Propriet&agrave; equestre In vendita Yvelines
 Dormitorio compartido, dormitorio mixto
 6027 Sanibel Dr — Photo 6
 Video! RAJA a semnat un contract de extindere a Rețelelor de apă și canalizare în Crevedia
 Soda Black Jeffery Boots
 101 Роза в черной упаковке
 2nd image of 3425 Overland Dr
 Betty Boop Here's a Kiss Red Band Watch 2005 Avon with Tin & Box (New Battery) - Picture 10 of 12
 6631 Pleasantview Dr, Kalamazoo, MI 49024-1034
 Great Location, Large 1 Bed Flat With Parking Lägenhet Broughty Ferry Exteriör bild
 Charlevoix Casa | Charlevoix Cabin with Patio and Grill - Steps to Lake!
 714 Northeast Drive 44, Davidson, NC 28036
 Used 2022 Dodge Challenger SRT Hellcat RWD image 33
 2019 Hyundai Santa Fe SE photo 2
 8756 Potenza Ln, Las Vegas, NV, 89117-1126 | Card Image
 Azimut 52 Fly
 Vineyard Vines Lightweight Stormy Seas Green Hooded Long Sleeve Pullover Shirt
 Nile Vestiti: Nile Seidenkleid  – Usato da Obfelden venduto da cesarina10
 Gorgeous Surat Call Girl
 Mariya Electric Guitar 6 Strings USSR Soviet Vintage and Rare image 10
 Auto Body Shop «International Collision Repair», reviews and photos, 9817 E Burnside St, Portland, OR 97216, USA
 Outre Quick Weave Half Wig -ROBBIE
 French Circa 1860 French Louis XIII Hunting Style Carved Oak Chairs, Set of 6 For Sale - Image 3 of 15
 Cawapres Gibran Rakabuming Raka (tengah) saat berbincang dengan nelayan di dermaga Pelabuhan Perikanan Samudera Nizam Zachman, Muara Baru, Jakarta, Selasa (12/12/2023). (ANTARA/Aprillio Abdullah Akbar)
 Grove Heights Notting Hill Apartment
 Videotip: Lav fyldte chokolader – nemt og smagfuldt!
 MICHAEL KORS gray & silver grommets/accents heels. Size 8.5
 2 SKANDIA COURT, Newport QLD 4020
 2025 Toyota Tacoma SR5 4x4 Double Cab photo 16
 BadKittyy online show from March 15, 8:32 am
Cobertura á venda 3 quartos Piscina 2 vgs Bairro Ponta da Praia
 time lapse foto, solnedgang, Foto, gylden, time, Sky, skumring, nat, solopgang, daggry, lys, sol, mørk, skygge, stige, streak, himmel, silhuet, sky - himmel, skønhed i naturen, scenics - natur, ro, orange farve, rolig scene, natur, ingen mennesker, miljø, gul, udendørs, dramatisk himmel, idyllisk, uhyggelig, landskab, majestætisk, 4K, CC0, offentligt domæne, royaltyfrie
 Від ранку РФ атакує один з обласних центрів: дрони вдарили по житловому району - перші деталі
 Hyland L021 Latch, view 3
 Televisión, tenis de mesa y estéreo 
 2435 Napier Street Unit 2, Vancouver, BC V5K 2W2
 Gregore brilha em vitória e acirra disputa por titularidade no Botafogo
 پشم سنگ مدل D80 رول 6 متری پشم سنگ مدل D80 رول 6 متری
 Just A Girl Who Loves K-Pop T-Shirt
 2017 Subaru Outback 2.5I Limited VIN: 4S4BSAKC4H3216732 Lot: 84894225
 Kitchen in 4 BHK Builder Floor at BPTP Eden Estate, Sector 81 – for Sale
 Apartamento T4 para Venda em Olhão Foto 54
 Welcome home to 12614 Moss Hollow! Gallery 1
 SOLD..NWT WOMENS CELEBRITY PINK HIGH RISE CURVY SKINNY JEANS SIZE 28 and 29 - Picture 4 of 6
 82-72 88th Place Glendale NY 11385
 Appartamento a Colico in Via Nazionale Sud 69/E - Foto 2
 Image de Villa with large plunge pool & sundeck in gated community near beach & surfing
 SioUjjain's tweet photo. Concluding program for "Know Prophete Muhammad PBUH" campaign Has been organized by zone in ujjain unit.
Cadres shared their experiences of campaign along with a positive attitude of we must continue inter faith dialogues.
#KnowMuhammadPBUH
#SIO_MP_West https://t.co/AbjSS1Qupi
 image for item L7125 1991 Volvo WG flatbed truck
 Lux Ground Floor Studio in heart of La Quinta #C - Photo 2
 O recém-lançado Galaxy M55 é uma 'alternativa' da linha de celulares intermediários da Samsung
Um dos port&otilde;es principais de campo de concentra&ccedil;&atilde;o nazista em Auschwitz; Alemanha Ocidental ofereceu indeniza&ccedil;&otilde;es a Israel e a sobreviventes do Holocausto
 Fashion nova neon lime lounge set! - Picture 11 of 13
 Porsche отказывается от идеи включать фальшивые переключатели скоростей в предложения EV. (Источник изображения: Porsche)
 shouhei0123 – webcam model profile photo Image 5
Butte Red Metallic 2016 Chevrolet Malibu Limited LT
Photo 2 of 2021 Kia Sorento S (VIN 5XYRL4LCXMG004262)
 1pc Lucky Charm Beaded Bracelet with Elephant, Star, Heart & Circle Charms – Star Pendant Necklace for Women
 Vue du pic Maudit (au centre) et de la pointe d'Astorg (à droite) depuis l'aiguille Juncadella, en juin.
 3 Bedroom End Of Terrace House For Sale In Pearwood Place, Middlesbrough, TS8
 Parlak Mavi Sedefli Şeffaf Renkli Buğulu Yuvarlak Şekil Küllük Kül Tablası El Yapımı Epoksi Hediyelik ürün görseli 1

What to do | Copy word for word the stretch of entries above from the line that has "Televisión, tenis de mesa y estéreo" through the line that has "Vue du pic Maudit", both ends included, and nothing outside it.

Completed exercise |
 Televisión, tenis de mesa y estéreo 
 2435 Napier Street Unit 2, Vancouver, BC V5K 2W2
 Gregore brilha em vitória e acirra disputa por titularidade no Botafogo
 پشم سنگ مدل D80 رول 6 متری پشم سنگ مدل D80 رول 6 متری
 Just A Girl Who Loves K-Pop T-Shirt
 2017 Subaru Outback 2.5I Limited VIN: 4S4BSAKC4H3216732 Lot: 84894225
 Kitchen in 4 BHK Builder Floor at BPTP Eden Estate, Sector 81 – for Sale
 Apartamento T4 para Venda em Olhão Foto 54
 Welcome home to 12614 Moss Hollow! Gallery 1
 SOLD..NWT WOMENS CELEBRITY PINK HIGH RISE CURVY SKINNY JEANS SIZE 28 and 29 - Picture 4 of 6
 82-72 88th Place Glendale NY 11385
 Appartamento a Colico in Via Nazionale Sud 69/E - Foto 2
 Image de Villa with large plunge pool & sundeck in gated community near beach & surfing
 SioUjjain's tweet photo. Concluding program for "Know Prophete Muhammad PBUH" campaign Has been organized by zone in ujjain unit.
Cadres shared their experiences of campaign along with a positive attitude of we must continue inter faith dialogues.
#KnowMuhammadPBUH
#SIO_MP_West https://t.co/AbjSS1Qupi
 image for item L7125 1991 Volvo WG flatbed truck
 Lux Ground Floor Studio in heart of La Quinta #C - Photo 2
 O recém-lançado Galaxy M55 é uma 'alternativa' da linha de celulares intermediários da Samsung
Um dos port&otilde;es principais de campo de concentra&ccedil;&atilde;o nazista em Auschwitz; Alemanha Ocidental ofereceu indeniza&ccedil;&otilde;es a Israel e a sobreviventes do Holocausto
 Fashion nova neon lime lounge set! - Picture 11 of 13
 Porsche отказывается от идеи включать фальшивые переключатели скоростей в предложения EV. (Источник изображения: Porsche)
 shouhei0123 – webcam model profile photo Image 5
Butte Red Metallic 2016 Chevrolet Malibu Limited LT
Photo 2 of 2021 Kia Sorento S (VIN 5XYRL4LCXMG004262)
 1pc Lucky Charm Beaded Bracelet with Elephant, Star, Heart & Circle Charms – Star Pendant Necklace for Women
 Vue du pic Maudit (au centre) et de la pointe d'Astorg (à droite) depuis l'aiguille Juncadella, en juin.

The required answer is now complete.